Laisser au Gouvernement la possibilité, en droit, de déposer à tout moment des amendements lors de l’examen en commission, c’est vouloir faire reposer bien grande conséquence sur les vertus de nos gouvernants…
Comme pour le dépôt illimité en séance publique, que nous contestions au travers de l’amendement n° 46 rectifié, nous estimons que l’examen d’un texte est un exercice démocratique qui ne peut souffrir d’un tel déséquilibre, surtout lorsqu’on connaît la disproportion de moyens entre la majorité et l’opposition : entre les 1, 9 million de fonctionnaires susceptibles, dans les ministères, de contribuer à l’élaboration des textes, auxquels il faut ajouter les 324 collaborateurs des cabinets ministériels – un effectif qui ne cesse de repartir à la hausse –, le décalage est criant.
Au-delà des moyens matériels, le décalage repose aussi sur le modelage de l’ordre du jour par le Gouvernement et sur les outils constitutionnels qui permettent d’en accroître la portée, ainsi que sur le temps de parole incroyablement élevé dont il peut se prévaloir.
Il est pourtant des avantages dont les puissants n’ont pas besoin. Même lorsqu’ils sont maigres, ces privilèges, injustes, suscitent de la frustration. La volonté des gouvernants s’impose ainsi aux gouvernés et à leurs représentants, bien loin des yeux de nos concitoyennes et concitoyens, sans que ces derniers puissent les contester ou les discuter…
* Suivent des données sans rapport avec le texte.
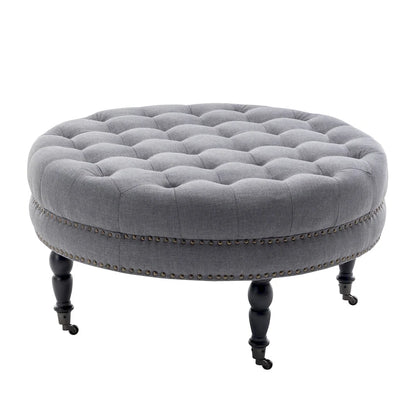 Porthos Home Indy Fabric Round Cocktail Ottoman with Rubberwood Legs and Wheels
Nous nous trouvons ainsi pris dans un flot législatif, avec des salves d’amendements qui tombent au dernier moment sans aucun autre motif que la précipitation, voire l’actualité médiatique. Il est impératif que le Gouvernement attende la navette pour introduire de nouvelles propositions ou, a minima, qu’il respecte les règles communes de dépôt en commission et en séance.